# Tank size for Channa gachua?



## jesterx626 (Jul 27, 2005)

1. min tank size for Channa gachua?

2. Temperament?

3. Growth rate per month?

4. How hardy is this species?

5. Activity level? (floater?, patroller?)

6. Personality?

7. What tankmates would it tolerate? Only those that cant fit in it's mouth or, only semi-aggressive fish?


----------



## peeteyPee (Jan 21, 2006)

1. 50-75 gallons is more than adequate
2. 78`
3. Not sure but they are full grown at 6"-8"
4. Moderate. One of mines jumped out and was out for most of the night, I put him back in when I found him the next morning but he later died. Other than that they are very good at acclimating to tempereture changes.
5. Bottom dweller. Pretty much thats all they do unless they go up for air or go to eat something.
6. Not as skittish as piranhas. But they don't like bright lights much either, they'll hide when the lights are on.
7. My pair are with two small goldfish and have been since I've gotten them.

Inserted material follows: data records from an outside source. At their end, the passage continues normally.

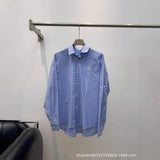 AIDASE  -  Spring Summer Korean Style Fashion Men's Royal Blue Plaid Casial Trendy Loose Simple Daily Long Sleeve Turn-down Collar Shirts aidase-shop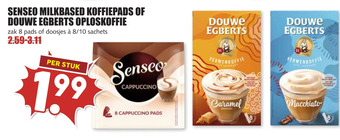 MCD Supermarkt Senseo milkbased koffiepads of douwe egberts oploskoffie aanbieding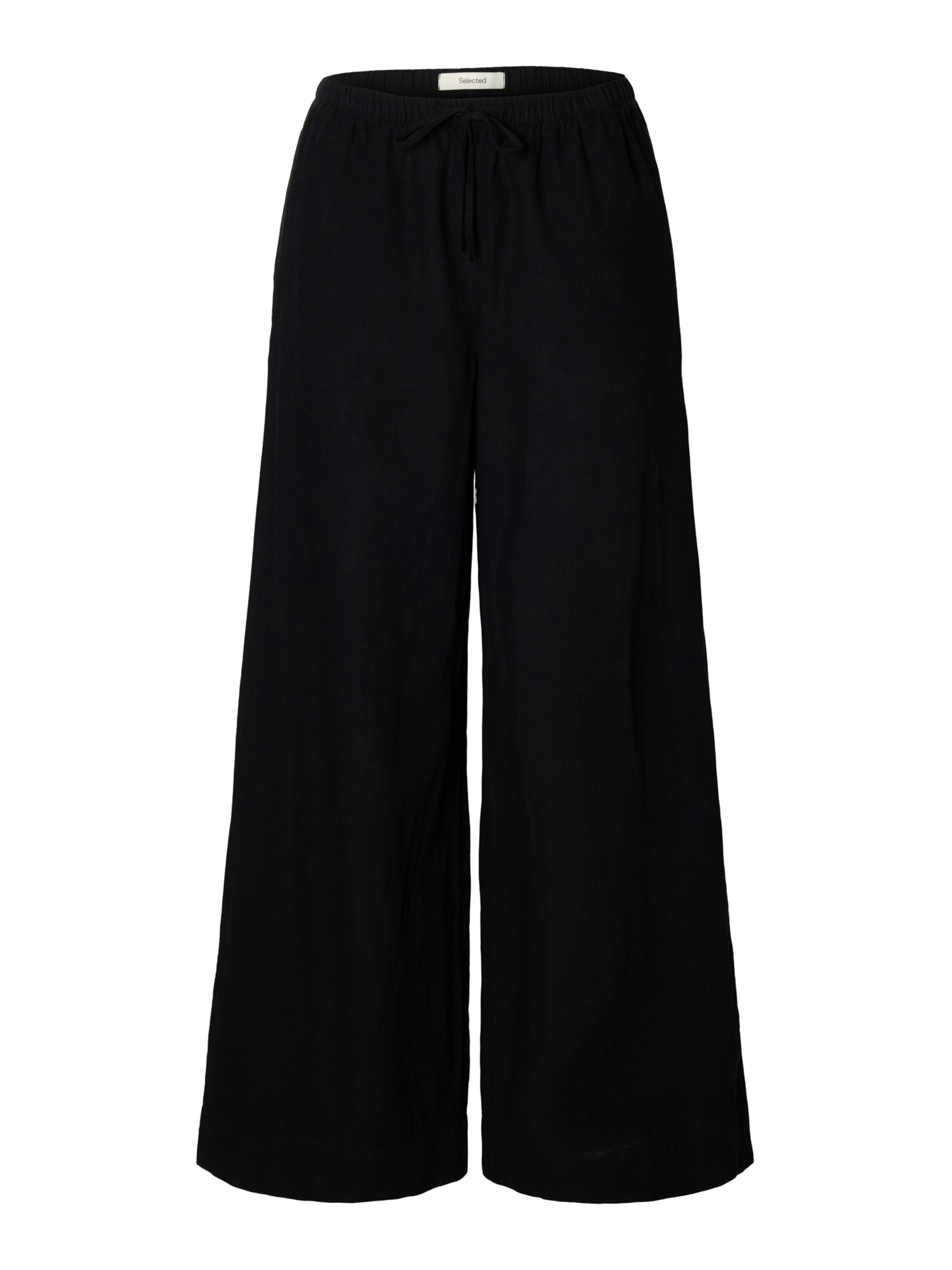 SELECTED Wide leg Pants 'SLFLUISA' in Black: front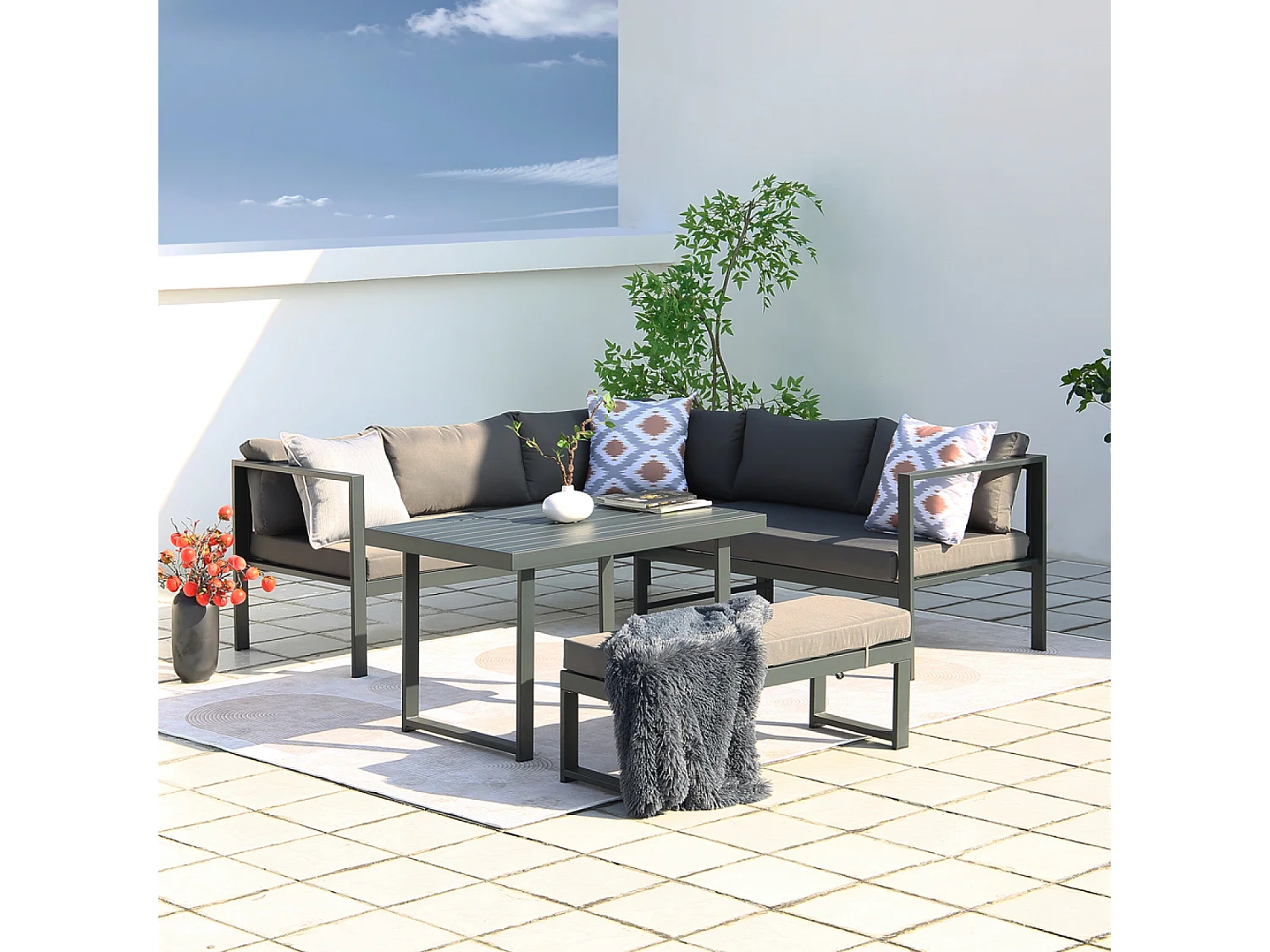 salon de jardin panoramique 8 places en résine tressée noir et gris MARBELLA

They did eat one recently, but they have never even tried to before than or have tried since.

Hope this helps.


----------



## the REASON (Jun 18, 2006)

peeteyPee said:


> 2. 78`


haha. he said temperament not temperature.


----------



## peeteyPee (Jan 21, 2006)

LOL!!! What an asshat I was I didn't even read it correctly. As for temperament very mellow.


----------



## jesterx626 (Jul 27, 2005)

ahah thanks.


----------